Na esteira do discurso politicamente correto emergiu um imenso oceano de conceitos que beiram o absurdo, de tal forma que o isolamento do indivíduo lúcido se assemelha ao terror da protagonista de Ensaio Sobre a Cegueira, romance de José Saramago. No livro, a personagem se vê cercada por uma galopante epidemia de cegueira e simula a própria perda da visão para ajudar seu marido, realmente acometido do mal, pois as pessoas cegas passaram a ser apartadas da “sociedade sadia” em campos de concentração improvisados. Logo não haveria de ter espaço para abrigar as hordas que acorriam a essas prisões. Por fim só restaria o caos e o desespero com uma cegueira branca se apoderando de todos.
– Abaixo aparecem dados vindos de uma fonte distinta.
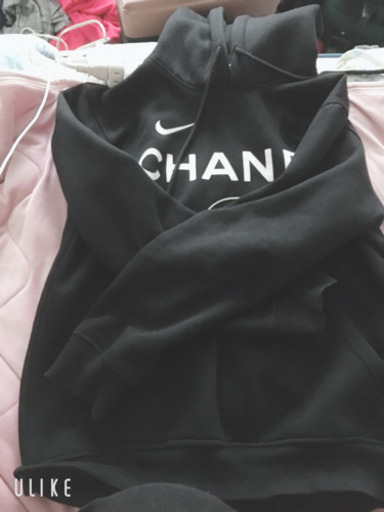 Nikeとchanelのコラボパーカー もか 淵野辺のパーカー メンズ の中古 古着あげます 譲ります ジモティーで不用品の処分
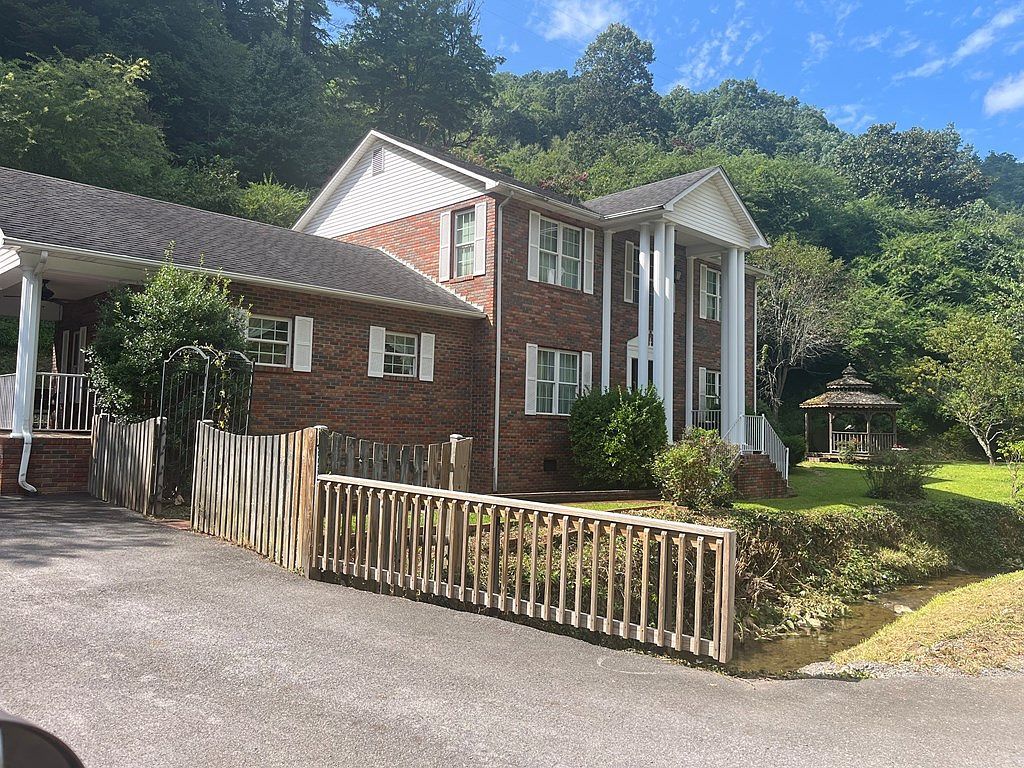 4032 Poplar Creek Rd Grundy, VA 24614 - Thumbnail 4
De volta ao mundo real, tento ser otimista com relação à inteligência humana e tenho a convicção de que só ela poderá nos resgatar do atoleiro dos discursos idiotizados e suas aplicações simplistas, que viraram uma praga da vida contemporânea.
E do quê estou falando?
Das abordagens hipócritas, tais como: chamar o presidiário de cliente do sistema prisional, que evitam utilizar o termo pobre preferindo definições do tipo indivíduo socialmente excluído, das duvidosas ações afirmativas que conquistam votos e popularidade para certos políticos e da onda de marketing engajado que faz empresas privadas parecerem anjos da sociedade.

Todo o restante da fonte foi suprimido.